How does C treat the number 0 in a one’s complement architecture?

Question

I have recently been studying the one’s complement system of representing numbers and from what I understand there are two variants of the number 0. There is a negative zero (-0) and a positive zero (+0).

My question is, on a one’s complement architecture, how exactly is this anomaly treated in C? Does C make a distinction between -0 and +0 or are both of these forms simply treated as zero.

If it is the case that both +0 and -0 return TRUE when tested for zero, then I am wondering how the following sample code would work that calculates the number of set bits in an integer if we enter -0 as its input.

int bitcount(int x)
{
    int b;
    for (b = 0; x != 0; b++)
        x &= (x-1);
    return b;
}

Since -0, in one’s complement, has all of its bits set to 1, -0 should return the highest amount of bits set out of any other number; however, it appears that this code would fail the loop test condition of x != 0, and would not even enter the loop, giving an incorrect result.

Would it be possible somehow in C, in a one's complement architecture, to make the loop condition sensitive to positive zeros as in: x != +0 Also, if I would subtract 1 from +0, would I get -0, or -1. In other words, does +0 - 1 = -0 in a one’s complement architecture?

All in all, not to go too far off course in this discussion, I am just wondering how C treats the peculiarities of the number 0 in a one’s complement architecture.

Answer 1

It is implementation-defined whether, on a ones-complement architecture, the value "with sign bit and all value bits 1" is a "trap representation" or a normal value. If it is a trap representation, any attempt to do anything with it, or even create it in the first place, provokes undefined behavior. If it is a normal value, it is a "negative zero", and there is an explicit list of operations that are allowed to produce it:

If the implementation supports negative zeros, they shall be generated only by:

• the &, |, ^, ~, <<, and >> operators with operands that produce such a value;
• the +, -, *, /, and % operators where one operand is a negative zero and the result is zero;
• compound assignment operators based on the above cases.

It is unspecified whether these cases actually generate a negative zero or a normal zero, and whether a negative zero becomes a normal zero when stored in an object.

(C11/N1570, section 6.2.6.2 paragraph 3.)

It also appears to be unspecified (by omission) whether negative zero compares equal to normal zero. Similar rules apply to sign-and-magnitude architectures.

So, what this boils down to is, the behavior of your example code is implementation-defined, and the implementation may not define it helpfully. You would need to consult the compiler and architecture manuals for this hypothetical ones-complement machine to figure out whether it does what you want it to do.

However, the entire question is moot, because nobody has manufactured a non-twos-complement CPU in at least 25 years. One hopes that a future revision of the C standard will cease to allow for the possibility; it would simplify many things.

Answer 2

To answer your question, there are 2 possibilities to consider:

• if the bit pattern with all bits set is a trap representation (which is explicitly allowed by the C Standard), passing such a value to the function has undefined behavior.

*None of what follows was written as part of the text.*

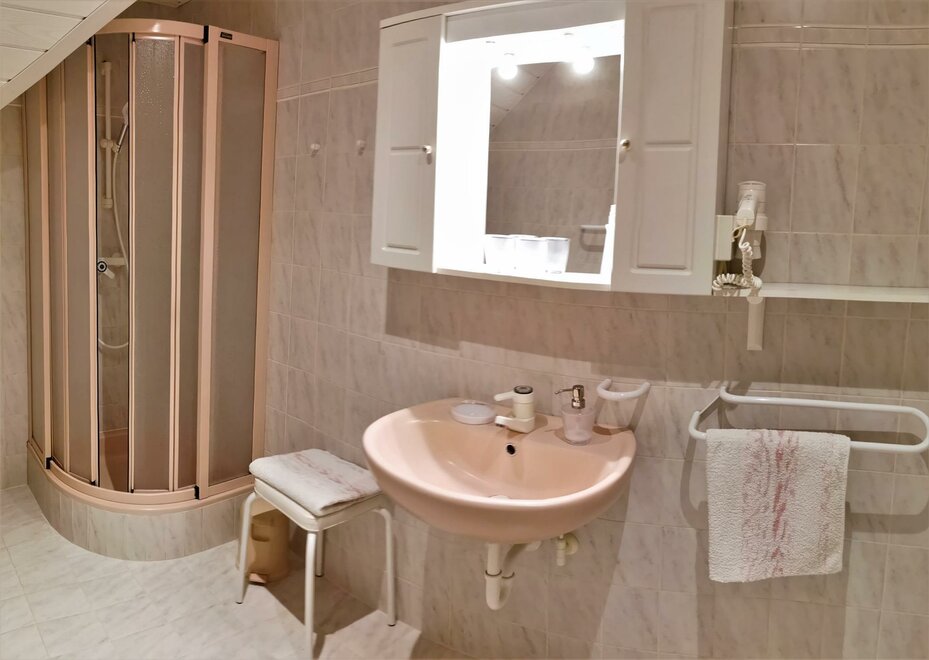 Monteur-Zimmer - Krieglach - Haus Lechthaler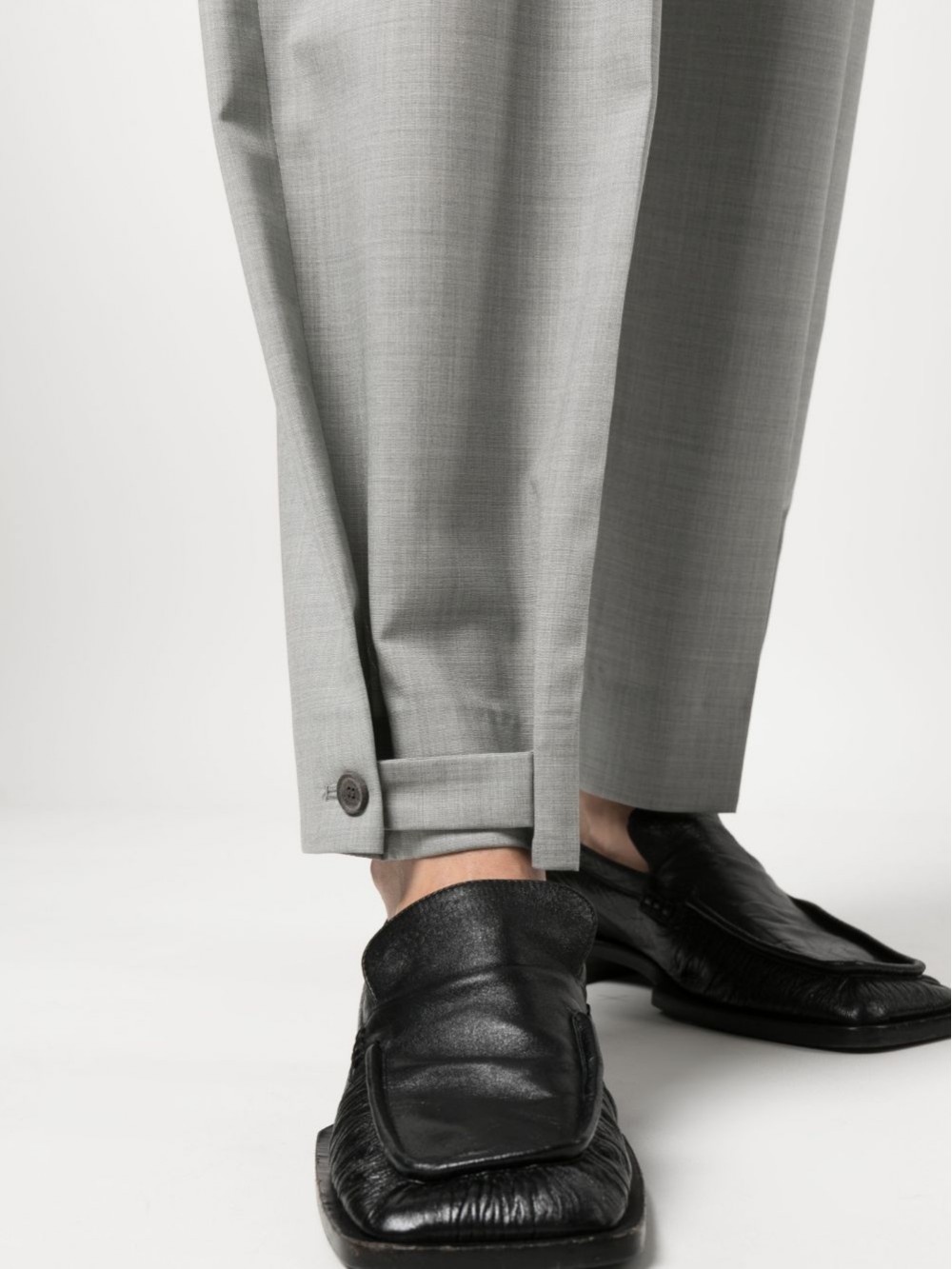 Tailored & Formal trousers Fabiana Filippi - Assisi embellished wool cigarette  trousers - PAD129W822A42100008139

• if this bit pattern is allowed, it the one's complement representation of negative zero, which should compare equal to 0. In this case, the function as written will have defined behavior and will return 0 since the initial loop test is false.

The result would be different if the function was written this way:

int bitcount32(int x) {
    // naive implementation assuming 31 value bits
    int count = 0, b;
    for (b = 0; b < 31; b++) {
        if (x & (1 << b))
           count++;
        }
    }
    return count;
}

On this one's complement architecture, bitcount32(~0) would evaluate to 31:

(x & (1 << b)) with x the argument with the specific bit pattern and b in range for 1 << b to be defined, evaluates to 1 << b, a different value from the result on two's complement and sign/magnitude architectures.

Note however that the posted implementation has undefined behavior for an argument of INT_MIN as x-1 causes a signed arithmetic overflow. It is highly advisable to always use unsigned types for bitwise and shift operations.